2013-11-19 20:29 (edytowano 2013-11-19 20:29)
|
Czy są tu dziewczyny, które rodziły na Karowej lub w Zośce? Karowa ma słabą opinię wśród moich koleżanek za to Zośka cieszy sie dobra opinią. Sama mam lekarza na Karowej i tam bede chodzila na szkole rodzenia. zastanawiam się gdzie rodzić. Najblizej mam do bródnowskiego ale przeraża mnie ten moloch. Proszę o wasze opinie.
TAGI
Brak tagów, bądź pierwsza!
Odpowiedzi
Także polecam a jak chcesz coś więcej wiedzieć to pytaj :)

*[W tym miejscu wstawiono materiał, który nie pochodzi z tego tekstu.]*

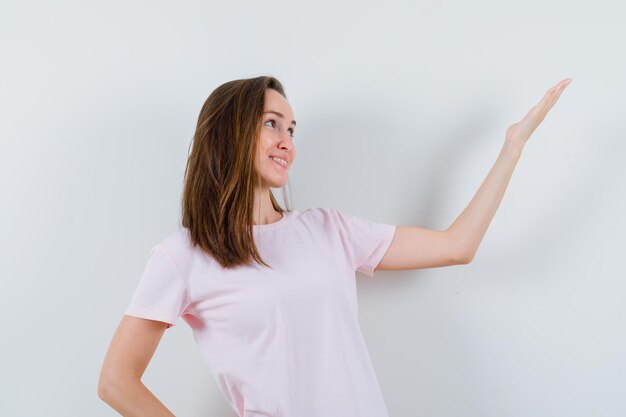 Free photo expressive young girl posing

Ciążę prowadziłam prywatnie, położnej nie miałam wykupionej, jedynie do ich szkoły rodzenia chodziłam. Mój poród był indukowany gdyż w 38tc okazało się, że mam cholestazę. Na izbę przyjęć trafiłam 22 lipca 2013, od razu się mną zajęto - KTG, badania krwi w kierunku wykrycia cholestazy itp. Nadmienię, że byłam wcześniej w szpitalu przy ul. Karowej zrobić te badania, ale kazano mi czekać na wyniki do 5 dni - przy czym cholestaza jest powodem do natychmiastowego rozwiązania ciąży! Mimo braku miejsc na oddziale ginekologicznym szpitalu przy ul. Żelaznej lekarce udało się znaleźć miejsce na patologii ciąży żeby mnie położyć i przygotować do porodu (Widziała, że jestem zestresowana i roztrzęsiona). Od razu podano mi osytocynę (była godz. 19:00), akcja rozwijała się bardzo powoli, ale szczęśliwie urodziłam swoje pierwsze dziecko - córeczkę 23 lipca o godz. 21:30. Nie miałam nacinanego krocza, na czym bardzo mi zależało. Na moją prośbę zostało mi podane znieczulenie przy 7cm rozwarcia.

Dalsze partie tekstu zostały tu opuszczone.